Is all your work worth it or could a change in focus and method achieve better results?
To help you to think critically on this consider your responses to the following questions:
- Who defines what quality is? And for whom?
- Whose quality do you prioritise and why?
- How much time, energy and money (e.g. additional staffing, administration and training costs) do you (your service) put into meeting external licensing and other legal requirements, expectations for conformance from the Ministry of Education and Education Review Office and professional obligations? Now, compare this with the time, energy and money put into researching, discussing, planning and anticipating children’s and parents’ wishes and perspectives.
Consider who you are providing the service for – if it is families and children then as much if not more time must go into listening to children and families about their views on quality, what they like, and what improves the quality of experience and benefits.
Your Quality Sits Above Regulatory Standards
Parents will have their own reasons for selecting your particular service. They are likely to have already factored into their decision the organisational characteristics of your service (e.g. location, hours, look and feel).
If your service follows a particular educational philosophy such as Montessori or Rudolf Steiner or has a particular cultural perspective then this could well be important, and a key reason for families to select your service.
To assist parents with their choice you should provide written information and also discuss the organisational, philosophical and cultural characteristics of your service with them (and if possible other family members). Simply telling parents that your service is a quality one that is licensed and mentioning other features (e.g. qualified teachers, high adult-child ratio) is not giving parents sufficient information to help them to make their choice.
It is useful to increase parents comfort and support for your service, to have in place a really good induction process including inviting parents with their child to have a number of visits on different days prior to starting.

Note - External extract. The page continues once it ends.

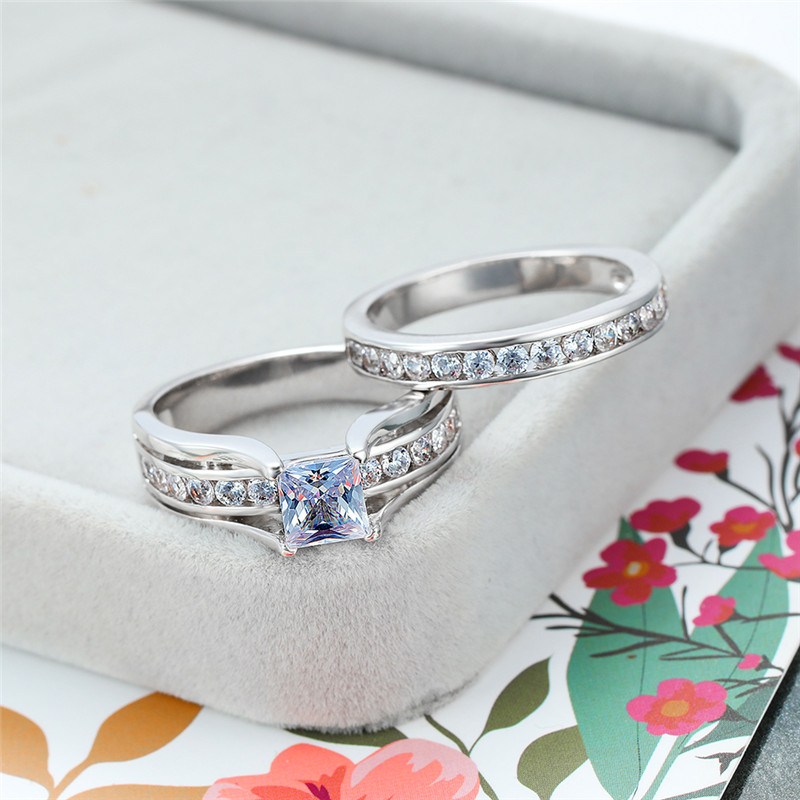 

Luxury Female White Zircon Stone Ring Classic Silver Color Engagement Rings For Women Charm Square Crystal Wedding Ring Set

There are three different, distinct dimensions of quality in the early childhood field, namely: “standards”, “organisational culture/excellence”, and “client benefits”.
Beyond the organisational, philosophical and cultural characteristics that define the quality of your type of service it is possible to strive for higher quality. To describe this higher quality the concept used here is that of “remarkable” quality.

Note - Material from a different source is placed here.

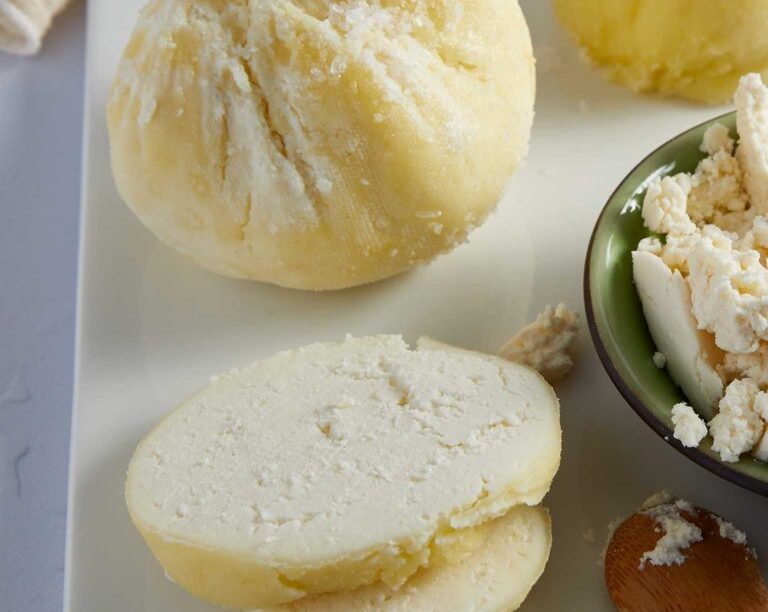 Σπιτικό τυρί χωρίς πυτιά, μόνο με λεμόνι, βήμα βήμα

Your most direct stakeholders – children, and their parents and families – are the people for whom you will be constantly assessing quality to see if it is remarkable for them, meets their expectations and provides value.
To go down the road to providing a remarkable quality service you need to be willing to be involved with families. You will be non-judgmental and show respect, display openness, have an ability to take on board values that are not your own and transmit an attitude that nothing is too much trouble.
To be remarkable means delighting and exceeding expectations, providing value and making a positive contribution to families. What is remarkable for one family today may not be remarkable tomorrow. Further every child, every parent and every family will have different perceptions based on experience, their values and what they think.